Sí, Eduardo, sé que pudo haber saildo mal todo, que me acusaran de algo que no hice...en fin, la historia terminó así. no me arrepiento pero para la próxima dejaría a la muchacha en manos de la autoridad o de los guardias de seguridad del metro, aunque éstos no estaban en el andén. un saludo y gracias.
Yoyi. Cuando me referia a un diablo salido del centro de la tierra, no era hasia tu jesto(ni mucho menos) ni a su posible consecuencia negativa(que por desgracia abundan las malas interpretaciones sobre jestos tan humanos como este), sino que a lo mejor llegaste antes que los diablos que hay a esas horas con intenciones muy diferentes a las tuyas... Saludos, Eduardo.

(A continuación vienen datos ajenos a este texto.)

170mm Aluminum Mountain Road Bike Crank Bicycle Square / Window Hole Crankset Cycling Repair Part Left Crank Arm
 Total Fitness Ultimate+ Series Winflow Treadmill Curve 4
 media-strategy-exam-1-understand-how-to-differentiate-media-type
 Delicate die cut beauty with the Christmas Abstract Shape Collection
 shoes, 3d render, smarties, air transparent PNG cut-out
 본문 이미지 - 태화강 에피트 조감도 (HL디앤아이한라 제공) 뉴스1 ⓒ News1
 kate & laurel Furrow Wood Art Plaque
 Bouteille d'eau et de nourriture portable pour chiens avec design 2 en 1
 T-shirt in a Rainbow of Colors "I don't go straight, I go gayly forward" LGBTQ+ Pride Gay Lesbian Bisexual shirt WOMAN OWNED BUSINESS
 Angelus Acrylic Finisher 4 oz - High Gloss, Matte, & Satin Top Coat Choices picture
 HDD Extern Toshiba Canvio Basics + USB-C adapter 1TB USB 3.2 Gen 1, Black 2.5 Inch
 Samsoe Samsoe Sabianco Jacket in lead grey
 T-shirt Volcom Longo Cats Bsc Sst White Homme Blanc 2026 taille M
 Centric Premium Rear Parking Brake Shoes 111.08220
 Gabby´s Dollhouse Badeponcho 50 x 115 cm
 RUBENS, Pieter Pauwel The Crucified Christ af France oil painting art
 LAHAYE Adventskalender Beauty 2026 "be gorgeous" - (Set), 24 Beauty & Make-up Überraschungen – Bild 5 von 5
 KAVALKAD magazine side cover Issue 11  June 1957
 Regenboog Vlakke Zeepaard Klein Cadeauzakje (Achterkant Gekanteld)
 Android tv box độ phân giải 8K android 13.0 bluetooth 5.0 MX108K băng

Ella me confesó que un chaval la había abordado con malas intenciones, pero que por suerte se alejó. ¿Será que estuve presente en el momento preciso y en el lugar necesario? era bastante probable que le hubiera sucedido algo malo porque había muchos borrachos alrededor.Saludos
Después de tantos años,no acabo de acostumbrarme a la indiferencia hacia el prójimo que parece impregnar esta sociedad...por eso tu gesto me parece más hermoso. Gracias también en mi nombre.
(Por cierto, tampoco me acostumbro a ver las riadas de jóvenes ebrios, sin ton ni son, los fines de semana, en cualquier ciudad de España...¿lo has pensado?) Un abrazo
Querida Tania: Yo tampoco me acostumbro al egoísmo. Todavía cedo el paso y el asiento a las personas mayores. Nunca renunciaré a eso. Sí, he pensado en que la juventud, como dice el refrán, es más hija de su tiempo que de sus padres. Y estos tiempos son de soledad, aunque cuestre creerlo. un abrazo para ti.
compadre gracias a Ti la Fama de los cubanos se mentiene en Pie.
Me haces sentir orgulloso.
Un barzo fuerte jk
un gesto que hay que agradecer y quizas al dia siguiente con el dolor de la resaca supiera que todo habría podido acabar peor si no hubieses aparecido tu, gracias saludos.
Yoyi, eres un buenazo y un caballero! Me quedé pensando en las amigas de esa muchacha... cómo pudieron dejarla así? Menos mal que tropezó contigo. Bueno, cúídate mucho y saludos a María!